Toutefois, selon une déclaration du Conseil, qui serait annexée à la décision-cadre, le Conseil devrait examiner comment, à l'avenir, les fonctions exercées par ces autorités de contrôle pourraient être regroupées au sein d'une seule autorité de contrôle de la protection des données.
Il est par ailleurs utile de préciser que la décision-cadre ne préjugera pas des accords bilatéraux en vigueur. Dans le cadre de l'application de ces accords, le transfert à un État tiers de données personnelles collectées auprès d'un autre État membre sera, en règle générale, subordonné à l'accord de celui-ci.
Enfin, je veux indiquer qu'en l'état, la proposition de décision-cadre sur le PNR européen, présentée par la Commission, spécifie que les États membres devront assurer que la décision-cadre soit bien applicable au recueil de données personnelles dans le cadre du PNR.
* *
*
Au total, le texte qui devrait résulter des discussions entre les États membres me paraît en deçà des ambitions initiales telles qu'elles avaient été soutenues par la France qui aurait souhaité un niveau de protection plus élevé. Le compromis qui a été trouvé aboutit, en définitive, à un texte plus modeste qui n'est pas dénué d'ambiguïté notamment sur les conséquences à tirer de la restriction de son champ d'application au seul transfert de données.
Force est néanmoins de constater que, dans le cadre du « troisième pilier », les divergences d'approche rendaient improbable une approche plus ambitieuse. C'est malheureusement trop souvent le cas. Certes, sous les réserves que j'ai précédemment exprimées, l'établissement de règles communes - aussi imparfaites soient-elles - dans un domaine qui n'en était pas doté jusqu'à présent, est en soi un progrès. En outre, les spécificités inhérentes à la coopération policière et judiciaire en matière pénale doivent être prises en compte dans l'appréciation que l'on doit porter sur ce dispositif. Mais il demeure que son application devra faire l'objet d'une évaluation très précise pour envisager les adaptations nécessaires et parvenir ainsi à un niveau élevé de protection des données dans le cadre de cette coopération.
Compte rendu sommaire du débat
M. Robert del Picchia :
Quelles seront les autorités d'un État tiers qui pourront demander ces données ?
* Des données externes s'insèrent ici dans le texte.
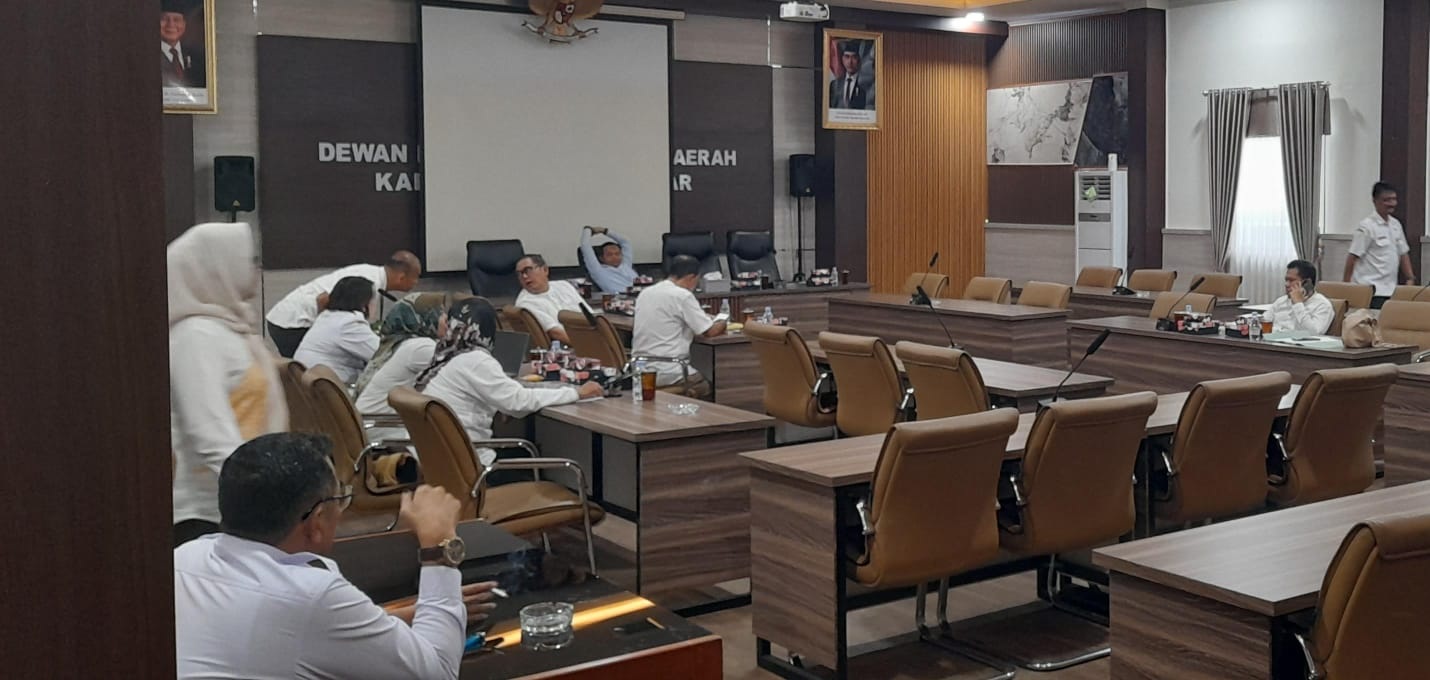 Pansel seleksi direksi PUDAM saat dipanggil DPRD Karanganyar, akhir pekan lalu. (Rudi Hartono/Radar Solo)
M. Pierre Bernard-Reymond :
Les données pourront être sollicitées par des autorités judiciaires, mais aussi par des services de police.
M. Hubert Haenel :
Lorsque nous avons examiné l'accord PNR entre les États-Unis et l'Union européenne, nous avons pu constater la difficulté que constitue la délimitation précise des autorités pouvant recevoir les données transmises par un État membre. Le risque est que les données puissent être transmises successivement à un trop grand nombre d'autorités.
M. Robert del Picchia :
Un récent rapport du Conseil de l'Europe a critiqué vivement les États-Unis et l'Union européenne pour avoir conclu cet accord qui demeure très insuffisant sur la protection des données.
M. Pierre Fauchon :
Lors des tragiques évènements du 11 septembre 2001, toutes les données pertinentes étaient connues des services de sécurité mais on n'a pas su les utiliser à cause de défaillances dans les échanges d'informations entre services.
Cette proposition de décision-cadre me paraît entrer parfaitement dans le champ de responsabilité de l'Union européenne. Malheureusement, on n'ose pas faire en sorte d'avoir un système unifié. Alors, on se contente d'une multitude de dispositifs complexes.